EXERCISE REQUIREMENTS -
Exactly as written, write out the lines below from the first to the one containing "Food & Drinks", inclusive. Pictures do not belong in the copy.
[MATERIALS PROVIDED]
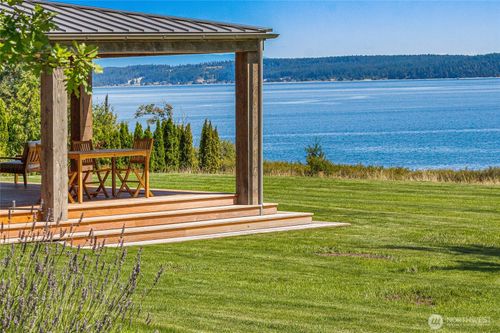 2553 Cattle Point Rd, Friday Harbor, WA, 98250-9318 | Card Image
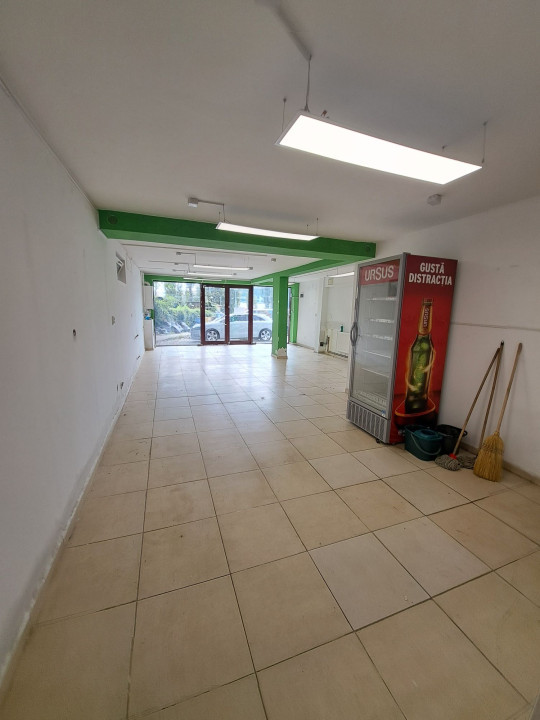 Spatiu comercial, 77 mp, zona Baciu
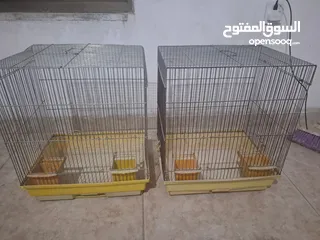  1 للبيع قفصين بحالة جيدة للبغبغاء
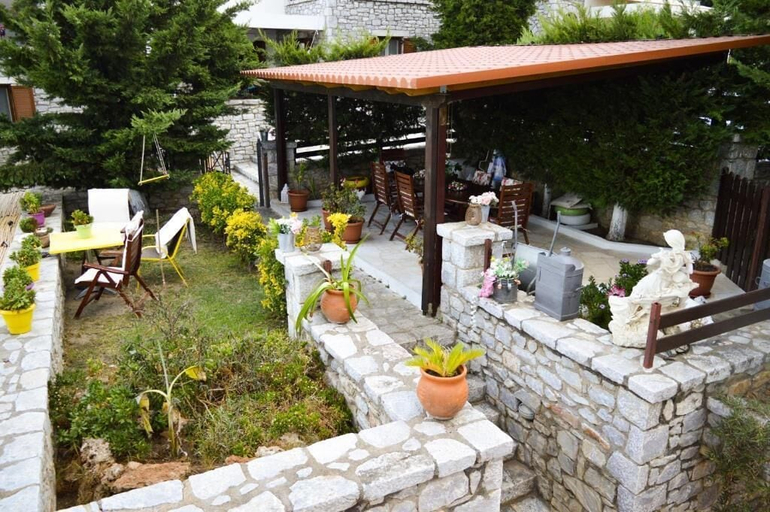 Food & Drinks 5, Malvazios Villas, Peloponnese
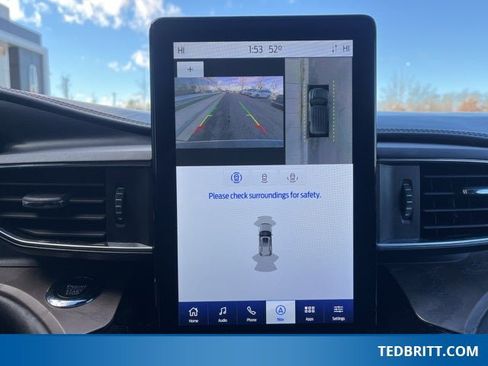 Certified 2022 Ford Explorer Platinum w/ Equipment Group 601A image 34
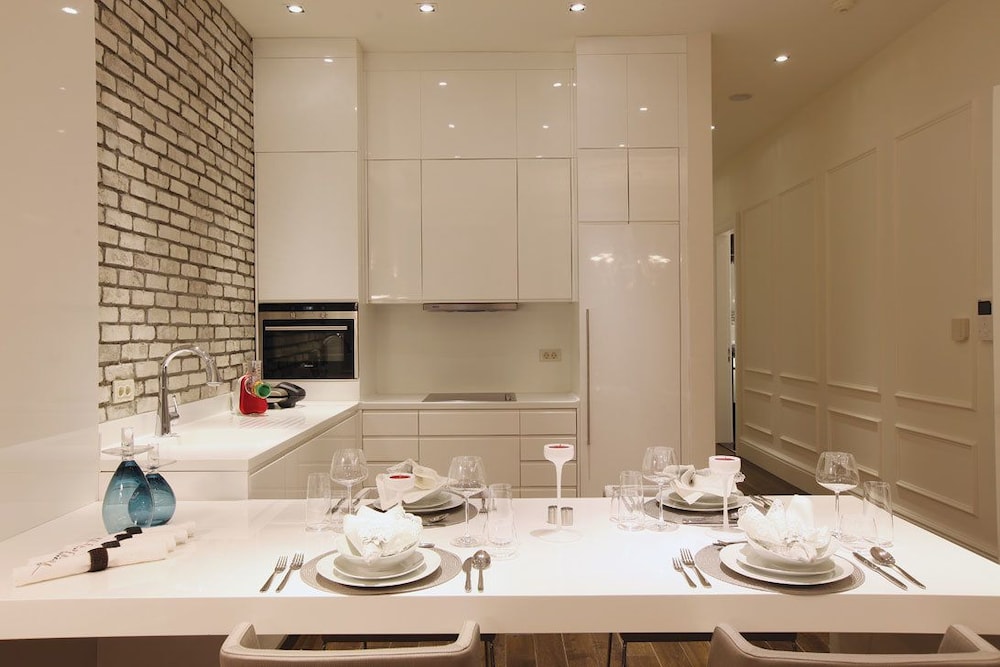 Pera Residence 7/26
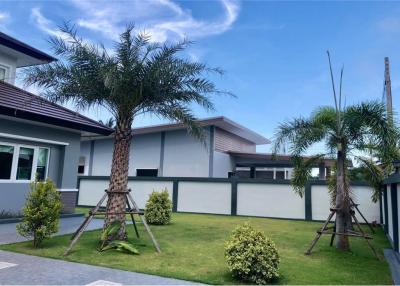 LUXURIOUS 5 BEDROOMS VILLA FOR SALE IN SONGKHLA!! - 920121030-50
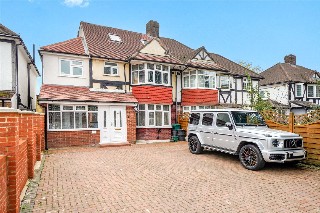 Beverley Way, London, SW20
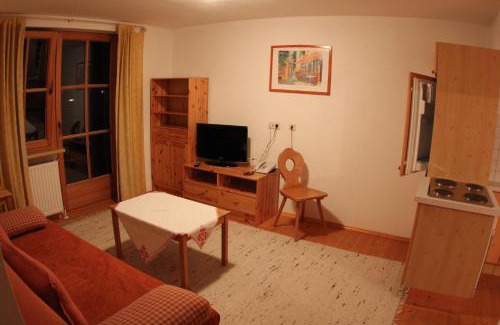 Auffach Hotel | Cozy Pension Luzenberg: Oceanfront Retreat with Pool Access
[/MATERIALS PROVIDED]
ANSWER AREA -
 2553 Cattle Point Rd, Friday Harbor, WA, 98250-9318 | Card Image
 Spatiu comercial, 77 mp, zona Baciu
  1 للبيع قفصين بحالة جيدة للبغبغاء
 Food & Drinks 5, Malvazios Villas, Peloponnese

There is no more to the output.